■ **EXERCISE DESCRIPTION**
The number of lines holding the string "Elegant" is all that is wanted; count them in the records below.

Collected data
----------------

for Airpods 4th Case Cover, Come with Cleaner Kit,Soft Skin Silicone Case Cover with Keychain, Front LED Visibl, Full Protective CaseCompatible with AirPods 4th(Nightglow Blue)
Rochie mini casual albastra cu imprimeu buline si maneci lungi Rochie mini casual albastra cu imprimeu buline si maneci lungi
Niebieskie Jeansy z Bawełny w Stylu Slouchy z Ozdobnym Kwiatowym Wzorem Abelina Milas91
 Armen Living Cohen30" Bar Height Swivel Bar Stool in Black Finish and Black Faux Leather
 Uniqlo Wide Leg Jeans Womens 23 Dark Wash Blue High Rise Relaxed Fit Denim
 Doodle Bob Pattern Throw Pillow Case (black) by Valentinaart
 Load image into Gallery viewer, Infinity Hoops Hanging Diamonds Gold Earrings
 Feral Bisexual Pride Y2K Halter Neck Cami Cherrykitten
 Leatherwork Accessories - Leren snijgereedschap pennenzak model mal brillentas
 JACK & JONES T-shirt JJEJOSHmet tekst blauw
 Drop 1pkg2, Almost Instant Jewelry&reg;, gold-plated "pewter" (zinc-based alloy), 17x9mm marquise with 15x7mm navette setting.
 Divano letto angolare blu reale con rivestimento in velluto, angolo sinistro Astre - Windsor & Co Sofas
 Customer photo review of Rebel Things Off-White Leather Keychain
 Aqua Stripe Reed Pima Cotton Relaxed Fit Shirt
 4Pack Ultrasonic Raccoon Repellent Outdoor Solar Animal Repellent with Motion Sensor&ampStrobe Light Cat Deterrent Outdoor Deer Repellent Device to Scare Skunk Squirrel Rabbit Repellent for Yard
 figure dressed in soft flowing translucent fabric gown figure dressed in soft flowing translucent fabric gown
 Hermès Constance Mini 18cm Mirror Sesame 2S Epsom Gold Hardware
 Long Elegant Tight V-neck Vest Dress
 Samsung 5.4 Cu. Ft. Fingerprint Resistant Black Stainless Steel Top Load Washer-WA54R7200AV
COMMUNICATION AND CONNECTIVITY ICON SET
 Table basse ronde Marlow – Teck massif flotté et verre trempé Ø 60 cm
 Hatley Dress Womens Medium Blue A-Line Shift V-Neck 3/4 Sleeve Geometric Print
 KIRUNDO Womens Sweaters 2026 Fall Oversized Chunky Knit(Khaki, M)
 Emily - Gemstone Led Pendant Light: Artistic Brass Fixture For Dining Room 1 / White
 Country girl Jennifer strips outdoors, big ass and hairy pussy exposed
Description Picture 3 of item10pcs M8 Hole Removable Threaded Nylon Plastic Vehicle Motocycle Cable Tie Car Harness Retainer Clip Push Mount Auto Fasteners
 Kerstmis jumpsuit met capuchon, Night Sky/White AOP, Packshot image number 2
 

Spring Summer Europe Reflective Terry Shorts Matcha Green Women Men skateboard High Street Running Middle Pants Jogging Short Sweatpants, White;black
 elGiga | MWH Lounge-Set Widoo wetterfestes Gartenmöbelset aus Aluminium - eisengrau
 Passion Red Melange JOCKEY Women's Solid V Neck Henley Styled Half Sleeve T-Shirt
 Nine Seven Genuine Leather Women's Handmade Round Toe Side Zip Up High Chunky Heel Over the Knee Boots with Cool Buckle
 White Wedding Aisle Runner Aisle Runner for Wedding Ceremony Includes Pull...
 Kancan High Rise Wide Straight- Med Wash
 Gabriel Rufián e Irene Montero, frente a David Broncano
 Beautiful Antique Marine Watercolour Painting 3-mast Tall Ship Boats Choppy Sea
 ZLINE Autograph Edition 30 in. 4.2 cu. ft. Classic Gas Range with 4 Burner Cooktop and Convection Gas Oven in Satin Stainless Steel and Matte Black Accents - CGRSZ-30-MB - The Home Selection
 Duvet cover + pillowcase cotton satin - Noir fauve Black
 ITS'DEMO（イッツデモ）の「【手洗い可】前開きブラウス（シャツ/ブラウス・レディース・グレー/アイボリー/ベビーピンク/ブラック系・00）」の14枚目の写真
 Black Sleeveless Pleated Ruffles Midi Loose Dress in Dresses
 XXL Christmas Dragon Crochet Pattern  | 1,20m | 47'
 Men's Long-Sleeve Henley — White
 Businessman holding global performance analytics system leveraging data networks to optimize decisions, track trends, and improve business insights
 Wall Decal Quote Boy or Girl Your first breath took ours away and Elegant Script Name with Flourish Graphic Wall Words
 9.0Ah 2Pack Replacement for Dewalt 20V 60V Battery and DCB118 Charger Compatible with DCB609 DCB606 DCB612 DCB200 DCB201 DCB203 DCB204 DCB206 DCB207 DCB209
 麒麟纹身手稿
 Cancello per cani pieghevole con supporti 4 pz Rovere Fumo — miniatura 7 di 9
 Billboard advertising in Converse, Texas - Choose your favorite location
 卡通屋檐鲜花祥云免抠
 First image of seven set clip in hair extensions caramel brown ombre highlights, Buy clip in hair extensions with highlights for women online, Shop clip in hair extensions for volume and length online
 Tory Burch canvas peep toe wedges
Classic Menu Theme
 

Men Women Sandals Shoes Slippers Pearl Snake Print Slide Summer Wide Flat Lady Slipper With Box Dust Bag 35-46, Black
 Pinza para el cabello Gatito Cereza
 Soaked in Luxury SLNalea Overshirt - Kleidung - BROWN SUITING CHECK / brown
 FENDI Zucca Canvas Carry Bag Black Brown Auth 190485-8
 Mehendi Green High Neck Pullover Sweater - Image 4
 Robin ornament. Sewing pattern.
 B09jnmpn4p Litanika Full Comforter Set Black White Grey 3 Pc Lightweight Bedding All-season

----------------

■ **SOLUTION TO THIS EXERCISE**
2